Arrestin epitopes were studied in patients with uveitis, using linear synthetic peptides, spanning the entire sequence of the protein. Two synthetic peptides, amino acid regions 286–305 and 306–325 are uveitogenic in the rat model of uveitis (103). Human patients respond to the arrestin peptides 61–80 and other arrestin peptides with high frequencies (104). These results further confirm that autoimmunity to arrestin is crucial for the pathology of uveitis (104). In the case of IRBP and arrestin proteins, the demonstration of epitope spreading is correlated with clinical disease, which implies that an evolving immune response plays an important part in progression of chronic autoimmune ocular inflammation. AAbs to arrestin and IRBP are not only important in autoimmune uveitis but they are detected in AR and CAR (105).

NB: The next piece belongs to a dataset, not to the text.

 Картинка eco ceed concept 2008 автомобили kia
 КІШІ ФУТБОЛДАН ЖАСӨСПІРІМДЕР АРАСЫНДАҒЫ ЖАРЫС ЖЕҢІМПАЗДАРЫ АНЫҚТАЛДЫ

Recoverin was one of the first presumed autoantigen in CAR. It has been demonstrated in in vitro and in vivo studies that this protein is immunogenic and induces the production of pathogenic antibodies and T cells (59, 62, 106108). In epitope mapping experiments, using synthetic peptides that overlap the entire recoverin sequence, two major epitopes for human AAbs have been found within the residues 38–43 (QFQSI) and 64–70 (KAYAQHV), in proximity to the calcium-binding domain EF-hand 2 (25, 107). Both mapped regions of recoverin can be accessible to the immune system because they exist on the surface of the molecule. AAb binding was found to be dependent on recoverin calcium-binding properties, which induce conformational changes in the recoverin protein, and enhance binding of AAbs to recoverin (107). The majority of antibodies to recoverin, both in human disease and in animals that are immunized with recoverin, are directed against the same major immunodominant region, the sequence 64–70 (107, 109). An immunization of animals, with the peptide 64–70, induced EAU in rats and the antibodies that were generated affected photoreceptor cell function, which in turn produced an activation of the caspase-dependent apoptotic pathways in vitro (25, 106, 109, 110).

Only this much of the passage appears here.